Over the last seven days, Denmark has had the highest Covid-19 case rate of any country in Europe bar Ireland. The number of new infections in the country has climbed steadily since the start of December, apart from a brief fall over Christmas. 

So does this mean the omicron wave has peaked? 

Maybe, although experts are not sure. 

“Of course, you can hope for that, but I’m not sure that is the case,” said Christian Wejse, head of the Department for Infectious Diseases at Aarhus University Hospital. “I think it is too early to conclude that the epidemic has peaked.”

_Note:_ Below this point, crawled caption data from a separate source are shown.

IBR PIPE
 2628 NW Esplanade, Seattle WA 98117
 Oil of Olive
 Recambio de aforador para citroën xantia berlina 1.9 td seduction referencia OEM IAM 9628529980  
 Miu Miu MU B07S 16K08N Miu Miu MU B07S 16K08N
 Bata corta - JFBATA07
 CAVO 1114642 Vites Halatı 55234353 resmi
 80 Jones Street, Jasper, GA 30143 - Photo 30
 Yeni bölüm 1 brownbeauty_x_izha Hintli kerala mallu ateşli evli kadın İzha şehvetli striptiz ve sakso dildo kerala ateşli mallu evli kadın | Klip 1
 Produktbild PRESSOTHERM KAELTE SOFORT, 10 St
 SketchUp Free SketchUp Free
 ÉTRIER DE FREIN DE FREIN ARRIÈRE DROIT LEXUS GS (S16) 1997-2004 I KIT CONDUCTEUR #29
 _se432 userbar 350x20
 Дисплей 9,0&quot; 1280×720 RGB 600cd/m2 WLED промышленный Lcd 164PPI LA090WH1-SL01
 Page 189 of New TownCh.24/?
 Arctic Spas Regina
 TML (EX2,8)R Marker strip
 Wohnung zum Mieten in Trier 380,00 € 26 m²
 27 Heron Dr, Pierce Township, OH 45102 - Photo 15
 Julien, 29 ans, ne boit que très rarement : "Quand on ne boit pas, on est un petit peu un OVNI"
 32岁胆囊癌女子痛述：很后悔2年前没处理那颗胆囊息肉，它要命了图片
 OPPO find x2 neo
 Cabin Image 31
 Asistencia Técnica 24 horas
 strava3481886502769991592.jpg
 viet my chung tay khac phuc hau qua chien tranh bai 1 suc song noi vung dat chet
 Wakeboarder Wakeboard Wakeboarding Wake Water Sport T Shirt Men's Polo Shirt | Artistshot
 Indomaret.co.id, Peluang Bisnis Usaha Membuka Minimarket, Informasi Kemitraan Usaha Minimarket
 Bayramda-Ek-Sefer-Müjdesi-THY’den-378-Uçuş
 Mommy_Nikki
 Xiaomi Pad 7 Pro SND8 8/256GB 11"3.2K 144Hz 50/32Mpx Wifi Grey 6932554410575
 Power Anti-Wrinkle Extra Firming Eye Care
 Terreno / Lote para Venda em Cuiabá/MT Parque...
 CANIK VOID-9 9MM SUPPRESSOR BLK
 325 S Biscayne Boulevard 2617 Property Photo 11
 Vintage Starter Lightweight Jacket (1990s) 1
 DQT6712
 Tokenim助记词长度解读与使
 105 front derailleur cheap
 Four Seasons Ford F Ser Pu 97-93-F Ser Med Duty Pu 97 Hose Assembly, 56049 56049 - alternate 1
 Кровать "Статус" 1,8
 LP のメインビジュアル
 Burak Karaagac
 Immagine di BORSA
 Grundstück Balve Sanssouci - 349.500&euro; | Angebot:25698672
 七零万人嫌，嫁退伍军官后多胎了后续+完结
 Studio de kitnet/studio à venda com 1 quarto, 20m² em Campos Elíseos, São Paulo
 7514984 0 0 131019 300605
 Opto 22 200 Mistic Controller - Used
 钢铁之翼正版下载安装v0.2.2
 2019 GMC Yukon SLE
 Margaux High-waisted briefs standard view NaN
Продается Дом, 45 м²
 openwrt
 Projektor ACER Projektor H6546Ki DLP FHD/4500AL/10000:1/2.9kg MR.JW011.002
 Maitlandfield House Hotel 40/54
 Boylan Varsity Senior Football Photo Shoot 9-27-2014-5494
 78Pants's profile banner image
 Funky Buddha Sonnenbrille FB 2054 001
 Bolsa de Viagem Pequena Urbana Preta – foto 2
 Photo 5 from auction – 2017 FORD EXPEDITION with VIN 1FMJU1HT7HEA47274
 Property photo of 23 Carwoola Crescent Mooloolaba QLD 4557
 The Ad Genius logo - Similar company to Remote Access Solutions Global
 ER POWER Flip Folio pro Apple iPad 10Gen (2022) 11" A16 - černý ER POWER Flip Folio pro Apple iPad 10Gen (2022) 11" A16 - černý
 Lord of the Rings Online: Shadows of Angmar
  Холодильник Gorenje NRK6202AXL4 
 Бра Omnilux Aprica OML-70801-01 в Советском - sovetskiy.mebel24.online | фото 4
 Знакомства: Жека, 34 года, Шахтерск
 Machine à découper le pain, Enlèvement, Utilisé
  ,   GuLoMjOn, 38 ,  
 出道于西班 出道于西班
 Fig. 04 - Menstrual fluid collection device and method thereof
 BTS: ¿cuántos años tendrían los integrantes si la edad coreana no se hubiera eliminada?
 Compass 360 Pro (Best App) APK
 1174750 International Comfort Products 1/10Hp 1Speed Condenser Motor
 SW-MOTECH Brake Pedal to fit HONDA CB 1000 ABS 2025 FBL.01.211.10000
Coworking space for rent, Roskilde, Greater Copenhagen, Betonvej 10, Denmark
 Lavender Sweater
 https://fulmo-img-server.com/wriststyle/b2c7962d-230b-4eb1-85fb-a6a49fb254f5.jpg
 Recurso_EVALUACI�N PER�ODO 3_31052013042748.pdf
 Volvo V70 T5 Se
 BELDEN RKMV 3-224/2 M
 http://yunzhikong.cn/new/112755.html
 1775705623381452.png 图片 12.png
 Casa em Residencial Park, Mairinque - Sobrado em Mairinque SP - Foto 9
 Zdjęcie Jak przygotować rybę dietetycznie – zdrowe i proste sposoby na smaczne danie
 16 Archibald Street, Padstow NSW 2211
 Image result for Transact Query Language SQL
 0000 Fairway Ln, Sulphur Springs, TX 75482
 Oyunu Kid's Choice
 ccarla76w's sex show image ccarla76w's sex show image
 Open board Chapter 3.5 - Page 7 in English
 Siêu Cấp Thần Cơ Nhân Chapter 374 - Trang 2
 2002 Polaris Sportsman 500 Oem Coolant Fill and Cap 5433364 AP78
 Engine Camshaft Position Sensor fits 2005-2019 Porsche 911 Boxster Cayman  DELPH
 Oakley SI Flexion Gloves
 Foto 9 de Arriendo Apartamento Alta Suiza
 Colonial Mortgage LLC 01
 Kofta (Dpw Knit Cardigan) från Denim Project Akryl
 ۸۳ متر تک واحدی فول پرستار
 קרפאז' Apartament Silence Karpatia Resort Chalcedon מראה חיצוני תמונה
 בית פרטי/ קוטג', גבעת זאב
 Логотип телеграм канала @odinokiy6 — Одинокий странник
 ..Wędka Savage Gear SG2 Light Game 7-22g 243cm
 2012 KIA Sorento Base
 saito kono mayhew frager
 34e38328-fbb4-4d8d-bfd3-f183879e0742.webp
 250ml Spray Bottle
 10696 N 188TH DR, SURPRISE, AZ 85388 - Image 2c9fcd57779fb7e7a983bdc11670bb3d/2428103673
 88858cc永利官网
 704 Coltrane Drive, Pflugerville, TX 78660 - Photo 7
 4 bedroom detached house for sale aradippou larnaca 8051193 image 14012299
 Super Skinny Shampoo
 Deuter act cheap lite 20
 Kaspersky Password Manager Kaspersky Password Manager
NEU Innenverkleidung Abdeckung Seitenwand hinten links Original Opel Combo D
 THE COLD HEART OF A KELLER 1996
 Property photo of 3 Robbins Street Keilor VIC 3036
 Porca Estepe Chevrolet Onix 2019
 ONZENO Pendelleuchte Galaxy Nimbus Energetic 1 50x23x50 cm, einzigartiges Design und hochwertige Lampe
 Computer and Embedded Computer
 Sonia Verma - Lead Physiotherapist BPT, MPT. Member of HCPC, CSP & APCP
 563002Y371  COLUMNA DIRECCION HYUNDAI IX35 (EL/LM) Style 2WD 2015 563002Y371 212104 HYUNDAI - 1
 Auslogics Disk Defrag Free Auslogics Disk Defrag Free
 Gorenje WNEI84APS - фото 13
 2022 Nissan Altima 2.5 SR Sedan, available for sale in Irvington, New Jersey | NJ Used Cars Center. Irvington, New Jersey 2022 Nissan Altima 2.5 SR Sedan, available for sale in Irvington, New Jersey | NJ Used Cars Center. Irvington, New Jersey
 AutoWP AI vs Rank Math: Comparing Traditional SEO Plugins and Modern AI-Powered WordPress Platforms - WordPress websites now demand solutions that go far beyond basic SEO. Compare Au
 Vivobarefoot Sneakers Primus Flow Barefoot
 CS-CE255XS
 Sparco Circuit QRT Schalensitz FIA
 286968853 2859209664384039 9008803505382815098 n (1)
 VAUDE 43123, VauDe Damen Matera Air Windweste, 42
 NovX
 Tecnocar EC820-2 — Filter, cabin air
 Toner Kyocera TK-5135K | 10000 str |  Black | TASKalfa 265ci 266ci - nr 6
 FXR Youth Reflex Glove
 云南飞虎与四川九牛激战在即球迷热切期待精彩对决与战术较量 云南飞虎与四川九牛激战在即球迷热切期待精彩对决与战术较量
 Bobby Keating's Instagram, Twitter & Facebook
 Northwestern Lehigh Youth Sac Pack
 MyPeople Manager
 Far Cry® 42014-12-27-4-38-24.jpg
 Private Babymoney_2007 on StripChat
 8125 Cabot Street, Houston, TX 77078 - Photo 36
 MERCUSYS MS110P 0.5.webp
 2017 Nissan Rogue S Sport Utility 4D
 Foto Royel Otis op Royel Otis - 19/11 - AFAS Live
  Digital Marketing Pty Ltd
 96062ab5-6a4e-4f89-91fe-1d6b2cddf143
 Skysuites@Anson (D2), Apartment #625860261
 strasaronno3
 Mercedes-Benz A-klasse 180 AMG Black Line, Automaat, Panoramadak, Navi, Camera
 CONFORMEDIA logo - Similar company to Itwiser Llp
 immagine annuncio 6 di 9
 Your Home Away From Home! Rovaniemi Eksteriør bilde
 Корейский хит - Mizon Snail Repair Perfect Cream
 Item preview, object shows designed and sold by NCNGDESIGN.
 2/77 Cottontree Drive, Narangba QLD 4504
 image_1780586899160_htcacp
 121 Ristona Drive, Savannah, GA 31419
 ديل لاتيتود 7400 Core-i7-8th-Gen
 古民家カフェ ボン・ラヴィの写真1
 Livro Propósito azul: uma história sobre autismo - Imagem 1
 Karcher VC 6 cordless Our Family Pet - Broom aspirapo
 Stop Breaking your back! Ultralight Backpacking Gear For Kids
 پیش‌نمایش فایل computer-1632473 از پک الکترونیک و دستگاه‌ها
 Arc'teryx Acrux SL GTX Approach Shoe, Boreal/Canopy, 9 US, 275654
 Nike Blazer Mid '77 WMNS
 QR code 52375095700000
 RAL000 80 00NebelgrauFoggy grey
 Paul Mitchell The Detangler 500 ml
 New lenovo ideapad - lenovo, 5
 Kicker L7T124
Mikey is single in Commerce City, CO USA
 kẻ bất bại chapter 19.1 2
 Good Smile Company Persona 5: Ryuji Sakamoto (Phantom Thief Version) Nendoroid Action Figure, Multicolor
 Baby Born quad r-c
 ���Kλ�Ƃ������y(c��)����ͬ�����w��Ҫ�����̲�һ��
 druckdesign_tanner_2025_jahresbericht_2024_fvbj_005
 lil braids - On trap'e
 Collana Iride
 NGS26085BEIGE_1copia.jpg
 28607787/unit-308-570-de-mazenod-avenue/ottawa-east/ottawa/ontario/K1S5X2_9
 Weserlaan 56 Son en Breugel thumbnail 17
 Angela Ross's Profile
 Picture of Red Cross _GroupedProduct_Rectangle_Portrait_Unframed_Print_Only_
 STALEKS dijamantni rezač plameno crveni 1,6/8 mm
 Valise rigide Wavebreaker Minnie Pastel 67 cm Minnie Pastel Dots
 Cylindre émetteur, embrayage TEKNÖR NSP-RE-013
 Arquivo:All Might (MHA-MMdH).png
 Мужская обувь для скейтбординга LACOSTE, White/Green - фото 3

He said that patients with the Omicron variant were being discharged more rapidly on average than had been the case with those who had the more dangerous Delta variant. 

“Many admissions are relatively short-lived, thankfully. This is because many do not become that il, and are largely hospitalized because they are suffering with something else. And if they are stable and do not need oxygen, then they are quickly discharged again.” 

Denmark’s Prime Minister Mette Frederiksen said during a visit to an event held by the Social Liberal party that the latest numbers made her even more optimistic about the coming month. 

“We have lower infection numbers and the number of hospitalisations is also plateauing,” she said. “I think we’re going to get through this winter pretty well, even if it will be a difficult time for a lot of people, and we are beginning to see the spring ahead of us, so I’m actually very optimistic.” 

She said that she had been encouraged by the fact that Omicron was a “visibly less dangerous variant if it is not allowed to explode.”